On June 29, a freight train carrying liquid gas left the tracks in the Tuscan city of Viareggio, plowing into a residential neighborhood and exploding. At least 19 people have died so far, and ten more are barely clinging to their lives. When Berlusconi appeared at the accident site, he was booed and rudely urged by the survivors to “Go home.”
In informal discussions with voters in four different regions of Italy this spring and summer, every single person I spoke to — regardless of their nominal party affiliation — said they expected Gianfranco Fini to be the country’s next prime minister.
Asked at a recent press conference how he would describe himself politically, Fini smiled and tipped his hat to another political maverick, now residing in the White House and about to meet him at the G-8 summit. “I consider myself very post-ideological,” he said.
“I come from the right. But what matters to me, what we have to look at, is not the label on a bottle wine.
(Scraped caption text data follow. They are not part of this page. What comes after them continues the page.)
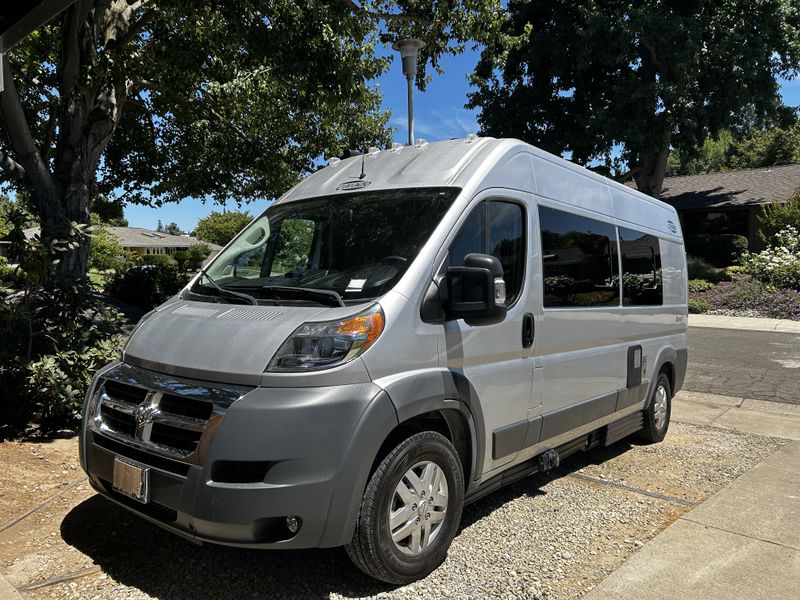 Picture 4/28 of a 2019 Carado Banff lithium battery for sale in Sacramento, California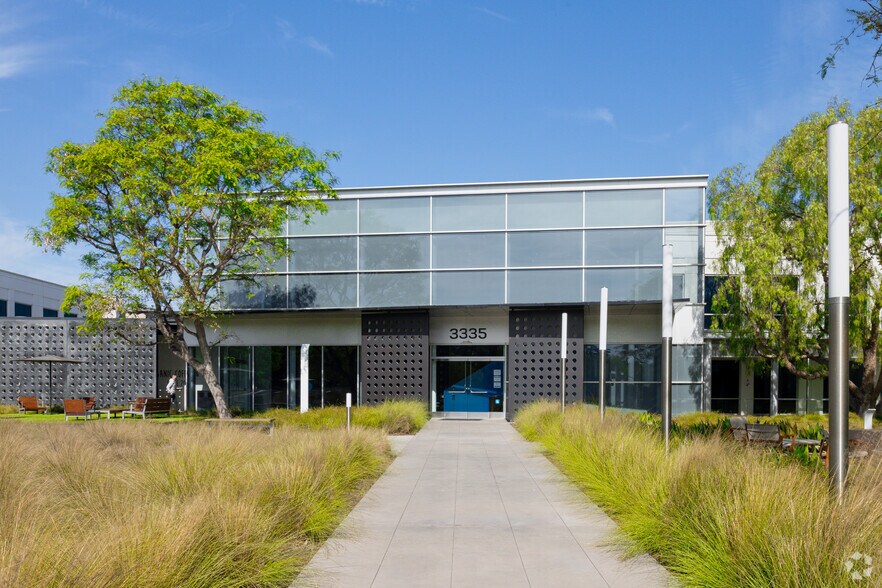 More Photos Of 3337 Susan St, Costa Mesa Unknown For Lease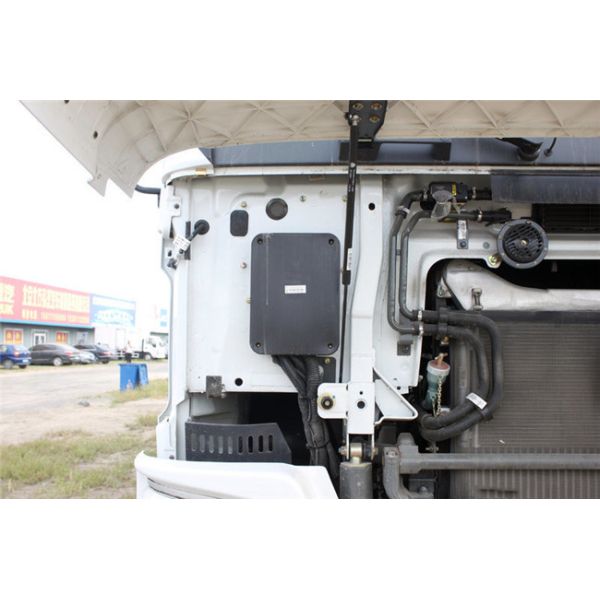 Yellow Concrete Construction Equipment 6x4 8m3 Concrete Mixer Truck With Pump Self - Loading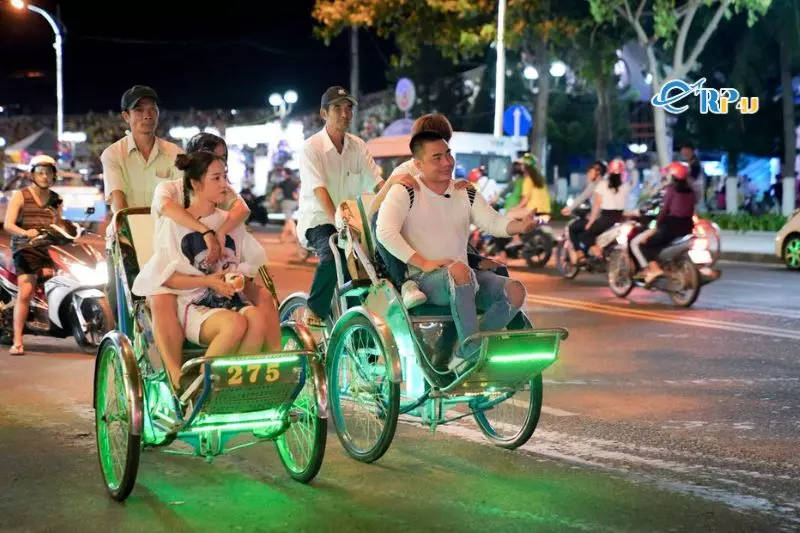 Khám phá Nha Trang bằng xích lô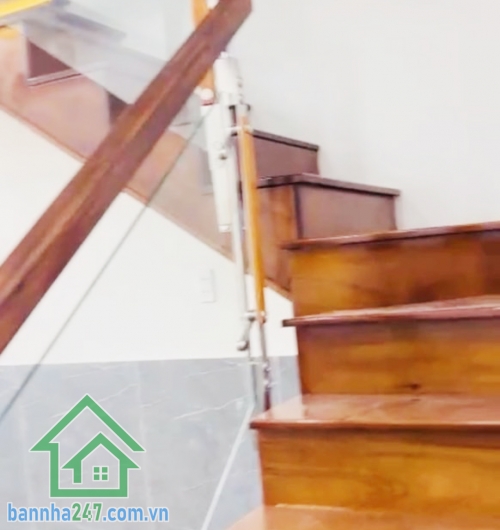 CHỈ 14,5 TỶ - MTKD ĐƯỜNG 10M – KHU BÀU CÁT, TÂN BÌNH Diện tích: 72m² (4x18m) – Kết cấu 1 trệt 1 lầu, 2PN, 2WC. Tầng trệt tiện kinh doanh, hiện đang cho thuê 20TR/tháng.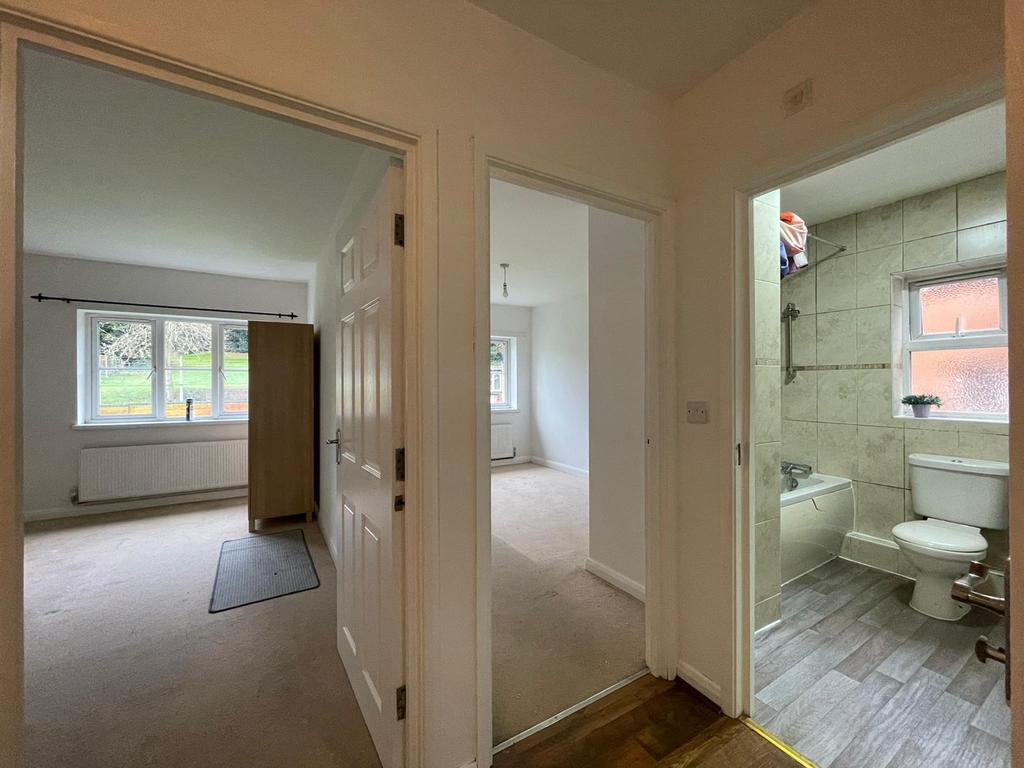 Milverton Road, Erdington, B23 2 bed flat £700 pcm (£162 pw)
It is the contents.”
Frank Viviano – barganews staff reporter – World View CBS5
so … finally we are agreed … the old left right dichotomy going back to the French revolution is pretty redundant
’bout time everyone wised-up and started to understand who the real Fascists are – before it’s too late (again) …
ah, well … just History repeating itself!
Right on the irrelevance of the old dichotomy. But the point isn’t to search out the “true Fascists” — who most certainly are not on the disorganized left, any more than they’re on the vapid Berlusconi right (although they are galloping in that direction on the racist Bossi fringe). The challenge today is to define a political program that is in touch with reality and prepared to confront it.
well, then … here you are – this what you were looking for?
http://www.beppegrillo.it/english.php
Italy’s only serious answer to it’s political woes comes from a commedian – actually a very good commedian at that and, believe it or not, politically/culturally and ethically head and shoulders above anyone keeping the seats warm in the National Parliament at the moment …
I say: we’ve had our fair share of amateurish clowns laughing their embezzled funds all the way to their off shore bank accounts and running their (not so) little business empires and cartels – let’s get a real comedy professional in there and then see who gets to have the last laugh!
In effetti, qualche esempio simile c’è già stato: gli Stati Uniti d’America hanno avuto per presidente un attore (neppure bravo) e in Italia abbiamo a capo del governo un impresario che negli anni ’80 si è inventato un modello di intrattenimento trasformandolo poi in modello prima sociale e infine politico.
A livello di risultato elettorale ha funzionato. Forse però la politica è anche altro, ma da qualsiasi parte si guardi, non mi pare siano in molti a pensare che “the challenge today is to define a political program that is in touch with reality and prepared to confront it”, come giustamente dice monacu.
Per quanto abusata, l’unica immagine appropriata per rappresentare la nostra classe dirigente (non solo i politici, quindi), mi sembra quella dell’orchestrina del Titanic. A meno che non si creda davvero che l’attuale crisi economica ed i difficili scenari che abbiamo davanti a livello planetario siano solo un’invenzione dei soliti pessimisti.
Caro Mato,
…”l’unica immagine appropriata per rappresentare la nostra classe dirigente (non solo i politici, quindi), mi sembra quella dell’orchestrina del Titanic.”
Ma mi sembra che c’e anche Nerone, e il suo violino. Communque, hai ragione sulla linea diretta fra the ham actor Ronald Reagan, the testosterone-crazed Berlusca e la vittoria del spettacolo.